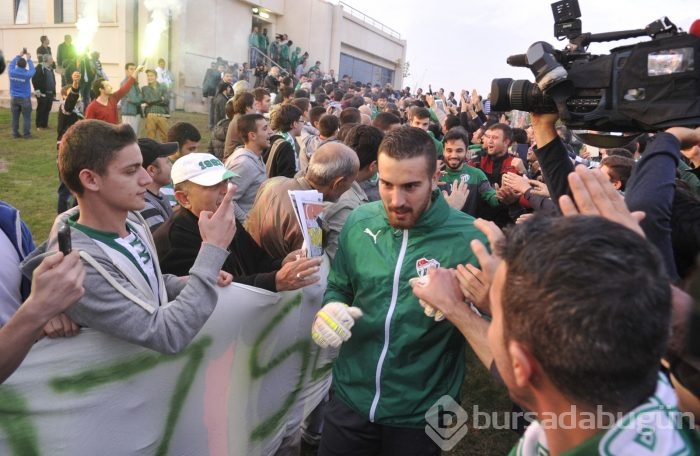 Özlüce'de Bursaspor coşkusu!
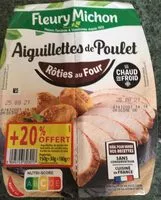 Mängden socker i Aiguillettes Poulet grillé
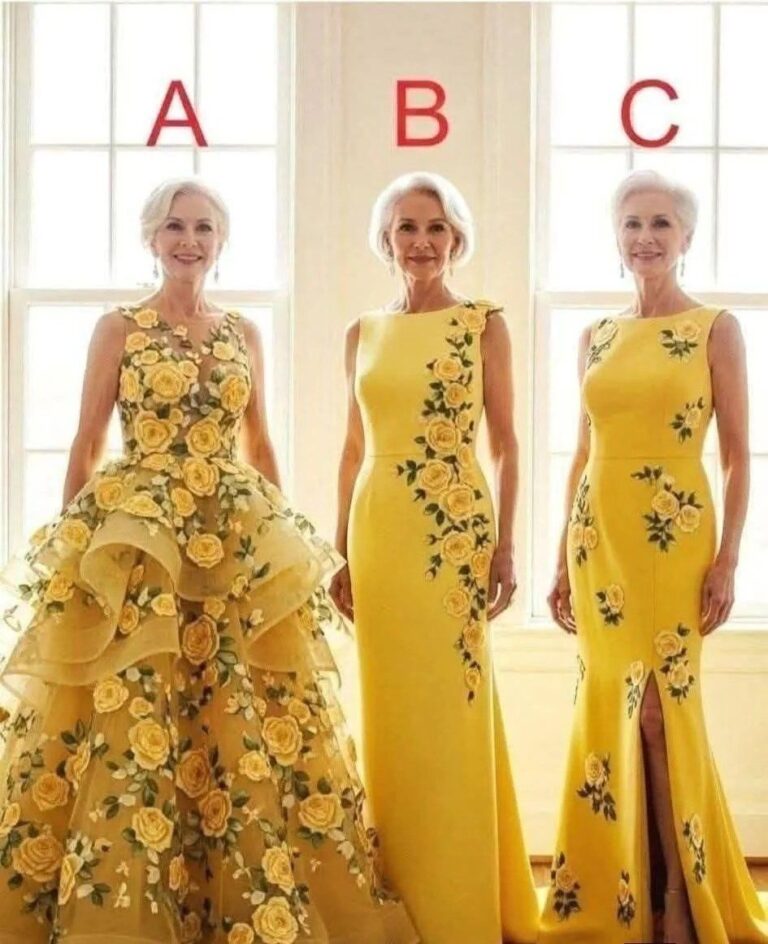 Bitte helft meiner Mutter, ein Kleid für die Mutter des Bräutigams auszusuchen!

+ + +

# EXERCISE INSTRUCTIONS
Write out again every line above exactly as given; the pictures do not belong in the copy.

# ANSWER SPACE
 Özlüce'de Bursaspor coşkusu!
 Mängden socker i Aiguillettes Poulet grillé
 Bitte helft meiner Mutter, ein Kleid für die Mutter des Bräutigams auszusuchen!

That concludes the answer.